Repealing the Costa-Hawkins law has been a goal of tenant advocates almost since it was enacted in 1995. But given the shoestring budgets of community groups, there had been no sustained effort capable of funding a statewide political campaign.

Enter Michael Weinstein, the president of the AIDS Healthcare Foundation in Los Angeles. The foundation, the world’s largest AIDS charity, is on a pace to generate some $2 billion a year in revenue in 2020, most of it from a chain of nonprofit pharmacies.

While nonprofits are barred from engaging in partisan political spending, they are free to run voter initiatives. Mr. Weinstein has become widely known for his willingness to bankroll state and local ballot measures, including an anti-development ordinance in Los Angeles, a statewide initiative to reduce the price California pays for pharmaceuticals and another that would have required condoms in pornography. All failed.

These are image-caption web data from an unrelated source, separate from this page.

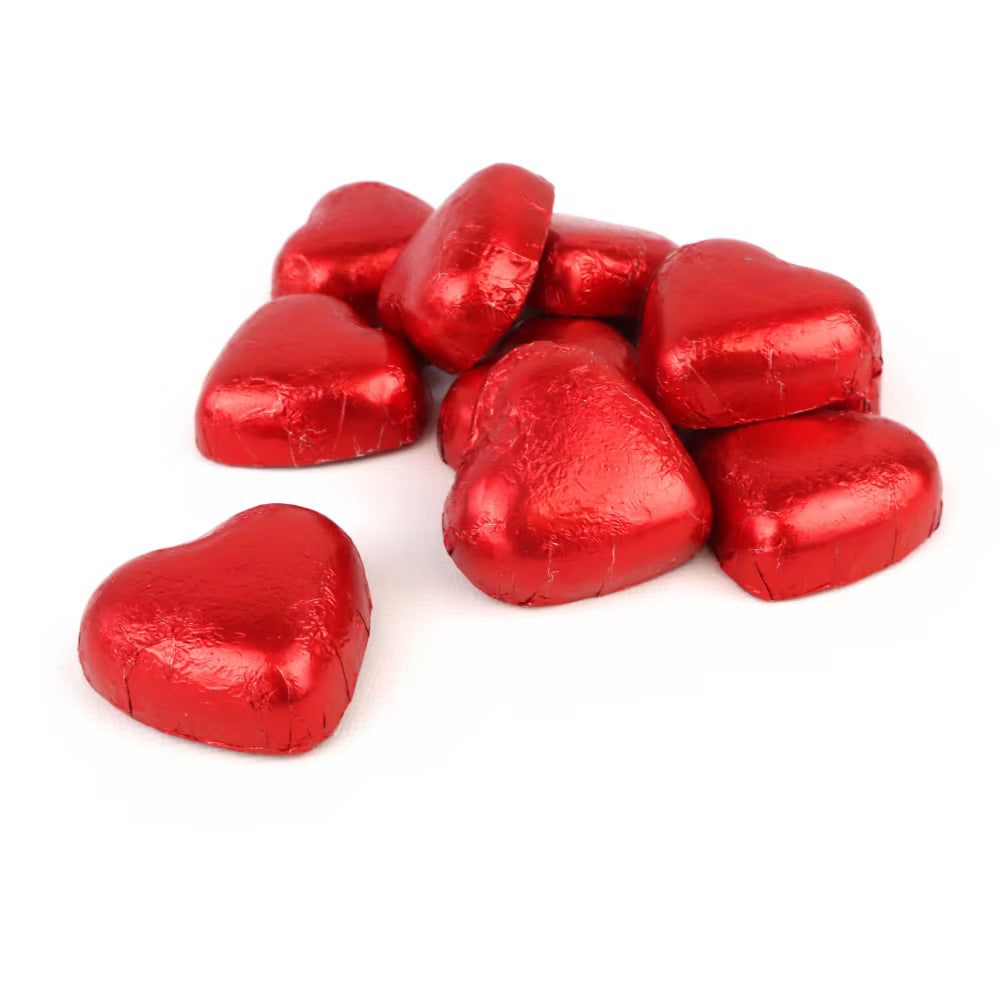 Zobra Online Red Foiled Milk Chocolate Hearts 1kg Bag
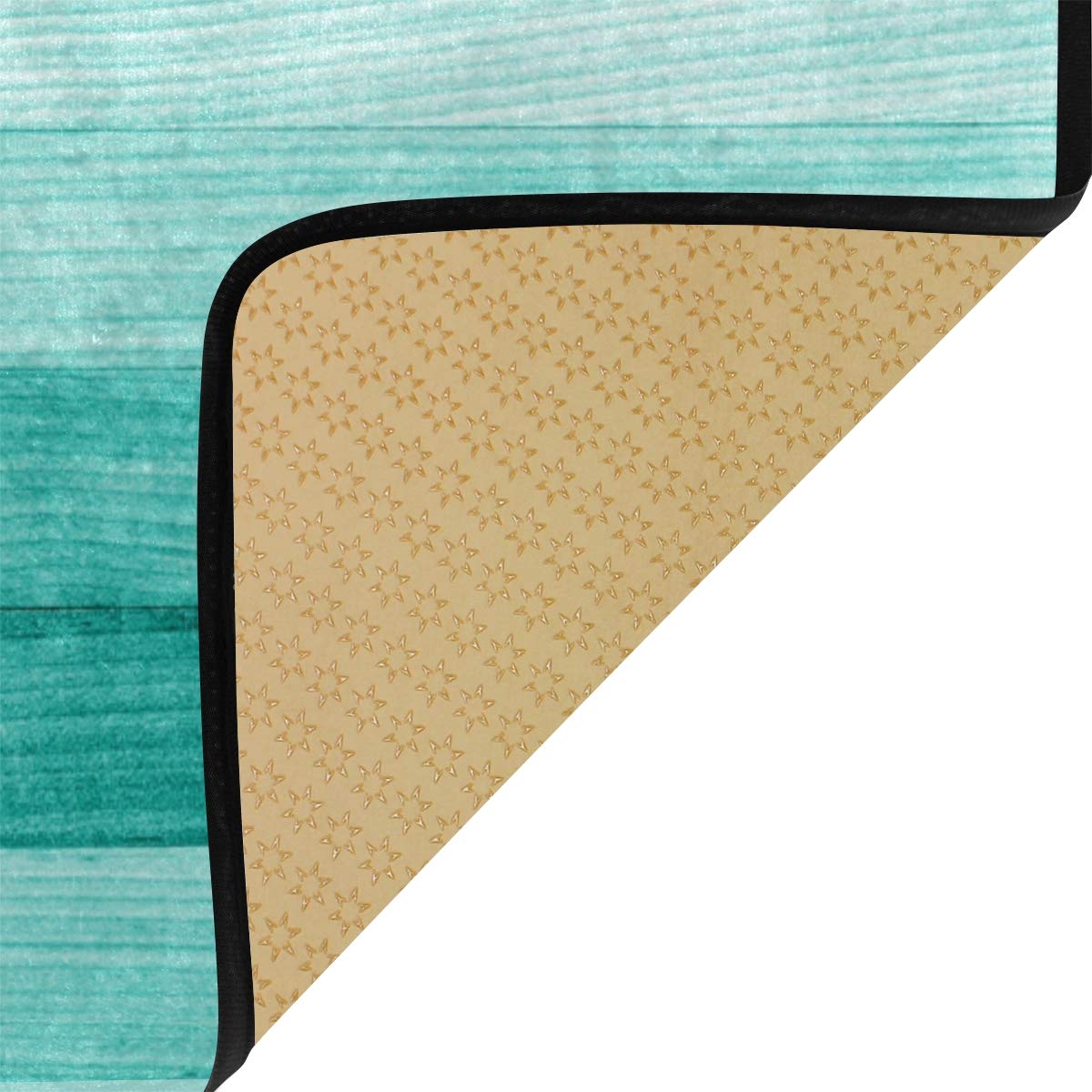 Kitchen Rugs Teal Turquoise Green Wood Design Non-Slip Soft Kitchen Mats Bath Rug Runner Doormats Carpet For Home Decor, 39'' X
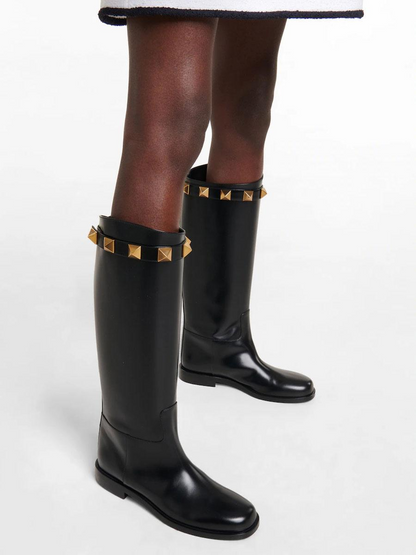 Black Studs Knee High Boots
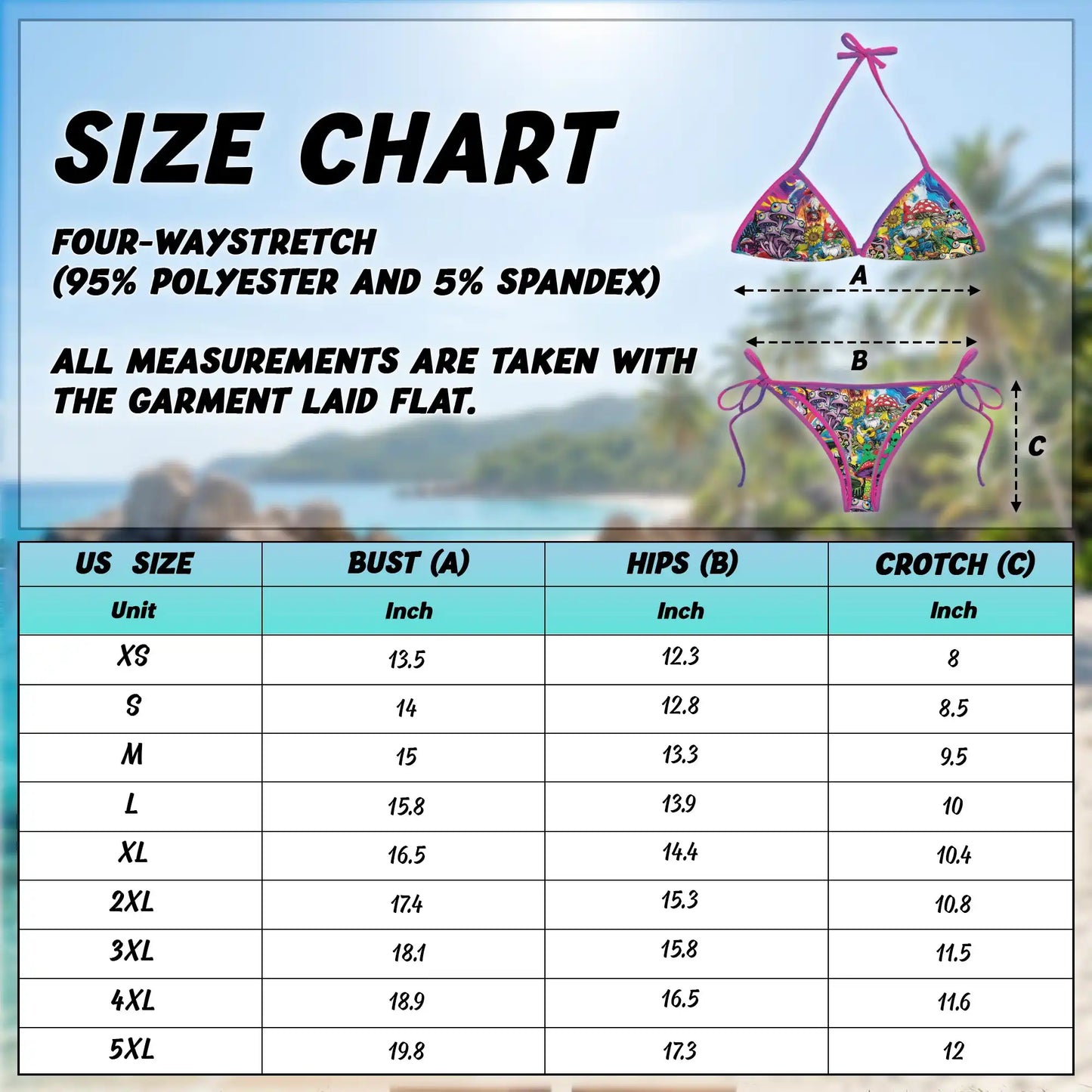 Magic Mushroom Bikini Set for Women, Two Piece Swimsuit, Psychedelic Festival Beachwear | Azhawaiian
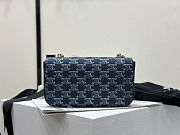 Colestore Celine Denim Triomphe Claude Chain Shoulder Bag Blue Silver 20.5 x 11.5 x 4cm - 4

So far the “Yes on 10” campaign has raised about $17 million, virtually all of it from the foundation. The landlords have raised $42 million. Support for the measure is trailing opposition among likely voters, according to a recent poll by the Public Policy Institute of California.

Regardless of the outcome, the rent control battle seems unlikely to subside soon. Separate from Proposition 10, tenant activists have put rent control measures on the 2018 ballot in several California cities, and are gathering signatures for more after that.

And Mr. Weinstein said that win or lose, he was not going away. If Proposition 10 fails, he has promised to pay for another bid to repeal the Costa-Hawkins law, possibly in 2020. “I’m kind of like gum on your shoe,” he said.